Friday, September 25, 2009

I Survived Gardaland !



Boris has willingly gone along with Bill’s and my compulsion to visit every church and intriguing little courtyard in Bologna. He has been patient in restaurants and hasn’t complained too much about living in a country without ranch dressing. I kept all this in the forefront of my mind when we visited Italy’s answer to Busch Gardens: Gardaland. Yes, Gardaland. Not Terra di Garda. We stayed in the town of Peschiera del Garda, a two-hour train ride from Bologna. It is not the most beautiful part of Lake Garda but has a wonderful historical area where our hotel, the Hotel Bell'Arrivo was located. We were given a corner room with the best view we have probably ever had from a hotel, looking out onto the lake and the canal.

On our second day we took the Free Bus to Gardaland, just five minutes drive from the station. Once inside the park, we encountered a very large castle and several strolling “characters” dressed in medieval style. One of these was playing trumpet, and believe me, it really added to the sensation of stepping back into the Middle Ages when he played his rendition of “YMCA.”

The park mascot is Prezzemolo, (parsley in Italian), a multi-colored Barney-like dinosaur. (In fact now that I've seen multi-colored Prezzemelo in celluloid and plush, Barney, by comparison embodies the cool of James Dean.) Prezzemolo is EVERYWHERE. If you want to bring one of him home with you, you can go into the gift shop and buy a small, medium or large one. There are about ten thousand of them on the shelves, which is actually kind of scary. Perhaps you would rather have a tee-shirt. Well, you can have Prezzemolo on a tee-shirt.
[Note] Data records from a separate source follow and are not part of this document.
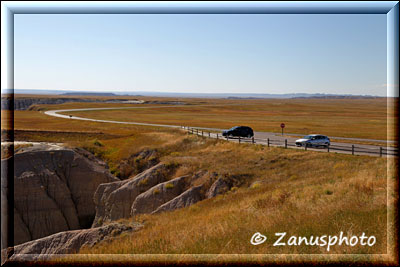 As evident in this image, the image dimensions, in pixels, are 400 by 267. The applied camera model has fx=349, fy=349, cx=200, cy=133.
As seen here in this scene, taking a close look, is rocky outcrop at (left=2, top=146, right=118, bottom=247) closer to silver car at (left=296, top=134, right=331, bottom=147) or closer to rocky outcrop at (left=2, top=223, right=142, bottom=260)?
rocky outcrop at (left=2, top=223, right=142, bottom=260)

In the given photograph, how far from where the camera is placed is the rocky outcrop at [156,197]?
30.5 metres

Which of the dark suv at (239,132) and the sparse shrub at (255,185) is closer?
the sparse shrub at (255,185)

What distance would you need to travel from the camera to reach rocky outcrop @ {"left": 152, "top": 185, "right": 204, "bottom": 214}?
89.4 feet

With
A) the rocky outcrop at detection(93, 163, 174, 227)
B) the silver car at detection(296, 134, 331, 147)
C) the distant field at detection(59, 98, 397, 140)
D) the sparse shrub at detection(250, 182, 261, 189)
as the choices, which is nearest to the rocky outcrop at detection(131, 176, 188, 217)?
the rocky outcrop at detection(93, 163, 174, 227)

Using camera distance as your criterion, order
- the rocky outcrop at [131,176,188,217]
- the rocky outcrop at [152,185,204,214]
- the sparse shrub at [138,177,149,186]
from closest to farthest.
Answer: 1. the rocky outcrop at [152,185,204,214]
2. the rocky outcrop at [131,176,188,217]
3. the sparse shrub at [138,177,149,186]

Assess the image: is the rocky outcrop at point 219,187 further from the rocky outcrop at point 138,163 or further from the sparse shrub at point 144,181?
the rocky outcrop at point 138,163

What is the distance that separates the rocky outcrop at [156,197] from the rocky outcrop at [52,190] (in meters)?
12.1

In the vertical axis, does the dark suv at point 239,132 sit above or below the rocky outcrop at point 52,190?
above

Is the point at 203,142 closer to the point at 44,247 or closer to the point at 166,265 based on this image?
the point at 44,247

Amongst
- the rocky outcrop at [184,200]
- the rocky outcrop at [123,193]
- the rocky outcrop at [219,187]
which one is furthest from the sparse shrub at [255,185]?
the rocky outcrop at [123,193]

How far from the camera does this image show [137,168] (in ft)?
148

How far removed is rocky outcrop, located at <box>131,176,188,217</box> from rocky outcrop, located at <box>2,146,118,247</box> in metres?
12.1

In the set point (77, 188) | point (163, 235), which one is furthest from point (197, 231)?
point (77, 188)

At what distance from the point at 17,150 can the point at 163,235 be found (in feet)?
114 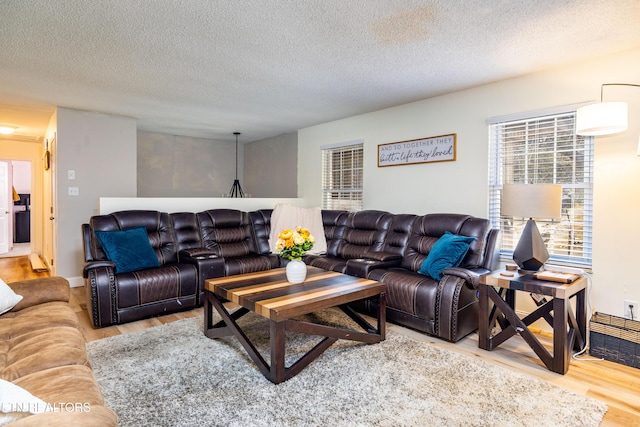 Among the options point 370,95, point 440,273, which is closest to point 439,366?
point 440,273

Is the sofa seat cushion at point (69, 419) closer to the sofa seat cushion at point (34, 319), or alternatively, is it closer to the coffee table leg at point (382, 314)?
the sofa seat cushion at point (34, 319)

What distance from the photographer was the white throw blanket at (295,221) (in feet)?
15.4

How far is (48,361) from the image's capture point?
150 centimetres

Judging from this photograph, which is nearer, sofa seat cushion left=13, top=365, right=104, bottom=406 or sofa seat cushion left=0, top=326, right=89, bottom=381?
sofa seat cushion left=13, top=365, right=104, bottom=406

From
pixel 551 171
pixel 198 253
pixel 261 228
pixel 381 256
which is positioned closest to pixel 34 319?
pixel 198 253

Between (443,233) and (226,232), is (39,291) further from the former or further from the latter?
(443,233)

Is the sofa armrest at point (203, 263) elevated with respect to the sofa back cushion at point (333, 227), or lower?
lower

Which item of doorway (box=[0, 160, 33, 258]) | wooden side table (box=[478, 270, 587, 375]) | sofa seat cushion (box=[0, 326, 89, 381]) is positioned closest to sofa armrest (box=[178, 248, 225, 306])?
sofa seat cushion (box=[0, 326, 89, 381])

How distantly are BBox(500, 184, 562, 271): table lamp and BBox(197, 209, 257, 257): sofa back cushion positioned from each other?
9.86 feet

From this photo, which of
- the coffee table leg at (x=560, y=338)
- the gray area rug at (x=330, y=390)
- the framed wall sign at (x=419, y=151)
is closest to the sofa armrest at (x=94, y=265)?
the gray area rug at (x=330, y=390)

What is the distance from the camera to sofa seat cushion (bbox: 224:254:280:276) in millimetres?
4006

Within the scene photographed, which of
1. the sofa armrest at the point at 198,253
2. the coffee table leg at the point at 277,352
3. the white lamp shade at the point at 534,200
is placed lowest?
the coffee table leg at the point at 277,352

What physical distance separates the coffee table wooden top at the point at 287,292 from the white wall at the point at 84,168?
309 cm

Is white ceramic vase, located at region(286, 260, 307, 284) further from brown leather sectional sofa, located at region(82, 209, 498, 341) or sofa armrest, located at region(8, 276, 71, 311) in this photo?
sofa armrest, located at region(8, 276, 71, 311) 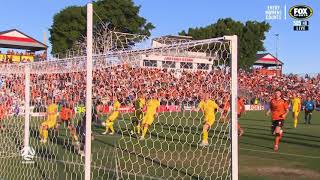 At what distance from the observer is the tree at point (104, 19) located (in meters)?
62.9

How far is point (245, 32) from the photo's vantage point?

Looking for a tee-shirt with something a little different ? How about Prezzemolo on a beaded tee-shirt ? It's pretty much Prezzi (if I may be so bold as to give him a nickname) or nothing in the apparel department. I would say that the teen and preteen demographic is underserved. Unfortunately for Boris, there were no articles of clothing with rollercoaster imagery so he wound up with a Prezzemolo hat, and you know what? …once you get it away from the other 9,999 Prezzemoli it isn’t bad-looking.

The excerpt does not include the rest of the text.